** What to do **
Below are records with pictures. Reproduce exactly the lines from the line with "Gambar 4. Hasil" to the line with "Avelis™ Silicone Scar Stick", inclusive, and leave each picture out.

** Recorded information **

——————————

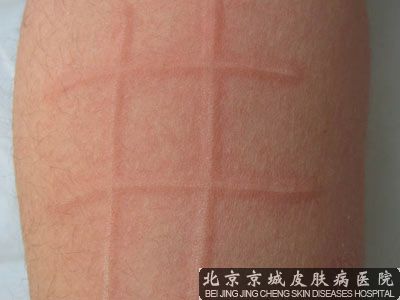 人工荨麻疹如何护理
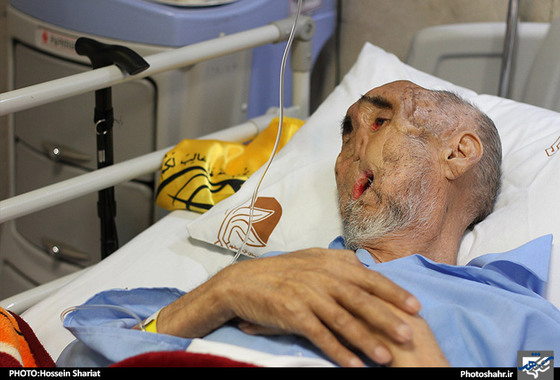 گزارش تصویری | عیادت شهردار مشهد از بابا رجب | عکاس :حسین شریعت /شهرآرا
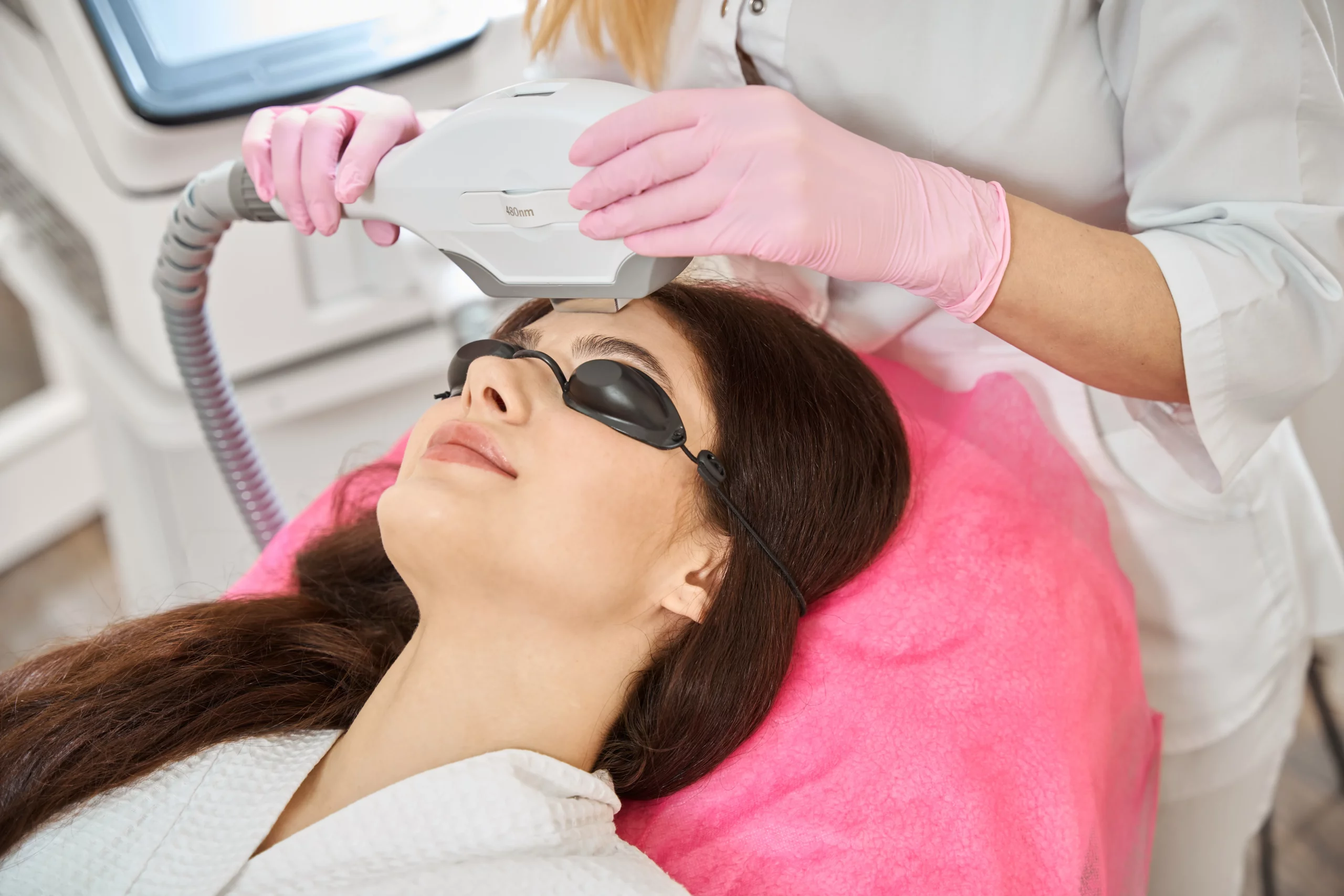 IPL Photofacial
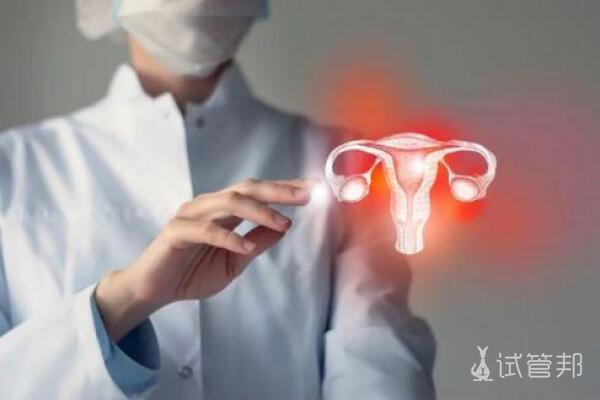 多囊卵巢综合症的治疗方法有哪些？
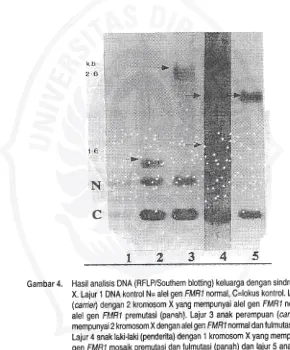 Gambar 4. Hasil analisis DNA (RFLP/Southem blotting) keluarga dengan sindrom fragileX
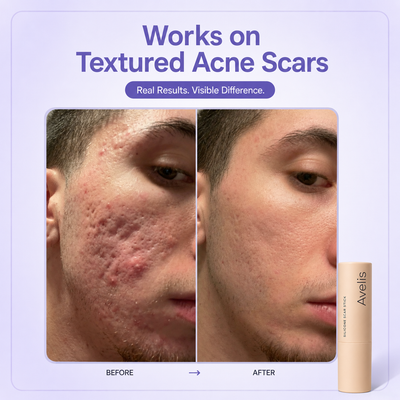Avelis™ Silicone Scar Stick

——————————

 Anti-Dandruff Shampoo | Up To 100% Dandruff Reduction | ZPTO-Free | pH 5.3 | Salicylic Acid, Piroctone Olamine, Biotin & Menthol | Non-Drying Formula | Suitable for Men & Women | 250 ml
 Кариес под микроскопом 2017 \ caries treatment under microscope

——————————

** Solution to this problem **
 Gambar 4. Hasil analisis DNA (RFLP/Southem blotting) keluarga dengan sindrom fragileX
Avelis™ Silicone Scar Stick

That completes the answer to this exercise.